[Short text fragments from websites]
⟨

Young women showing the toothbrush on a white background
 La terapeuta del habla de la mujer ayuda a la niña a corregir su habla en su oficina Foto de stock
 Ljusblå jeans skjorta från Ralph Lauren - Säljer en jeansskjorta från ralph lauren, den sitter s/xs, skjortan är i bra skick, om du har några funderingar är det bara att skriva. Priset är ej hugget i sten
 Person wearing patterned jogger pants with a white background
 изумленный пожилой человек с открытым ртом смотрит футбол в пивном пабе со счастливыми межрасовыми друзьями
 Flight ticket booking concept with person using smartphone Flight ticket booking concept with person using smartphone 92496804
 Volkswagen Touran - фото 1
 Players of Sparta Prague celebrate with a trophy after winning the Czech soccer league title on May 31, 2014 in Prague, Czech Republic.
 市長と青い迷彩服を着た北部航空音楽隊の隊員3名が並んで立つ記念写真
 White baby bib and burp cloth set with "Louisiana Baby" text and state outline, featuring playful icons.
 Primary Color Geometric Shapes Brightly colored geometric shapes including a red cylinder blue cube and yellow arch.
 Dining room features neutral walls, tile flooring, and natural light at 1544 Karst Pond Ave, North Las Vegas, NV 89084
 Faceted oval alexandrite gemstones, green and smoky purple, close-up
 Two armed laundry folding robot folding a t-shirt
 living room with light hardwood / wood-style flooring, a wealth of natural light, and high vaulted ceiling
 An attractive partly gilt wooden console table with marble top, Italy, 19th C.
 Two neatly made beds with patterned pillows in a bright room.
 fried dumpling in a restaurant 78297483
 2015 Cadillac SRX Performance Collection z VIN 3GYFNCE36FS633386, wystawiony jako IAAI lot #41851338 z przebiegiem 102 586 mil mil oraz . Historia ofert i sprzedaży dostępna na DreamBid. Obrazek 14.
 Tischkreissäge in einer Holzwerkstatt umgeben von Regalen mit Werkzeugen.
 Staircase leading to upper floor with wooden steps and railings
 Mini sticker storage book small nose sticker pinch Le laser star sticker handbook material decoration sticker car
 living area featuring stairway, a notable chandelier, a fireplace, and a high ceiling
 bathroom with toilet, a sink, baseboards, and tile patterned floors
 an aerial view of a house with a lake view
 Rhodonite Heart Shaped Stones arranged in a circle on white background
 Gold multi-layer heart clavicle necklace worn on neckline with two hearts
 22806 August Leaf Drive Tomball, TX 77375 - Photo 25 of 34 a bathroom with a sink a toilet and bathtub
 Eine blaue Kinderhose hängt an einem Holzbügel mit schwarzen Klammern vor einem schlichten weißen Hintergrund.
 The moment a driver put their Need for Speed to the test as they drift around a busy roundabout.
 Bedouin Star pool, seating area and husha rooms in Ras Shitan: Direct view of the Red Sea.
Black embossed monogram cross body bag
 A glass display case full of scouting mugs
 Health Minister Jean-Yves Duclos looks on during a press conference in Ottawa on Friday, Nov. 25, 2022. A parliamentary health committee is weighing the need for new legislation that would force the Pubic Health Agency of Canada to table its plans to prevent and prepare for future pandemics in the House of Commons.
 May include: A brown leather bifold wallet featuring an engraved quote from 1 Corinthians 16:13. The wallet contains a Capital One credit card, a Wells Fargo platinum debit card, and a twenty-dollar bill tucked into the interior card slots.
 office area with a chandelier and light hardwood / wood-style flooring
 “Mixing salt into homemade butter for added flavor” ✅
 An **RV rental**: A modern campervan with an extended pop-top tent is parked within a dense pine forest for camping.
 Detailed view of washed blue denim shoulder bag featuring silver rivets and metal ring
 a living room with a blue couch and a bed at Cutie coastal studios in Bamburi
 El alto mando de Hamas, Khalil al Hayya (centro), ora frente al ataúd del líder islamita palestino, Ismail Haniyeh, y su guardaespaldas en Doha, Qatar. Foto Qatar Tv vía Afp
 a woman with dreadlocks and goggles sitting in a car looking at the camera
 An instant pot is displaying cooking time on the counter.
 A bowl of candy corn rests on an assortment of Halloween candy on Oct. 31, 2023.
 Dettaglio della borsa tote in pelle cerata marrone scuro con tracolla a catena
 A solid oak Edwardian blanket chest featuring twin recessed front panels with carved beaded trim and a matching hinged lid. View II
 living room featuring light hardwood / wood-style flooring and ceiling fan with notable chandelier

⟩

**Work instruction**
Please return the lines above that run from the line containing "fried dumpling in a restaurant 78297483" to the line containing "2015 Cadillac SRX", inclusive, exactly and with no other lines.

**Answer to the problem**
 fried dumpling in a restaurant 78297483
 2015 Cadillac SRX Performance Collection z VIN 3GYFNCE36FS633386, wystawiony jako IAAI lot #41851338 z przebiegiem 102 586 mil mil oraz . Historia ofert i sprzedaży dostępna na DreamBid. Obrazek 14.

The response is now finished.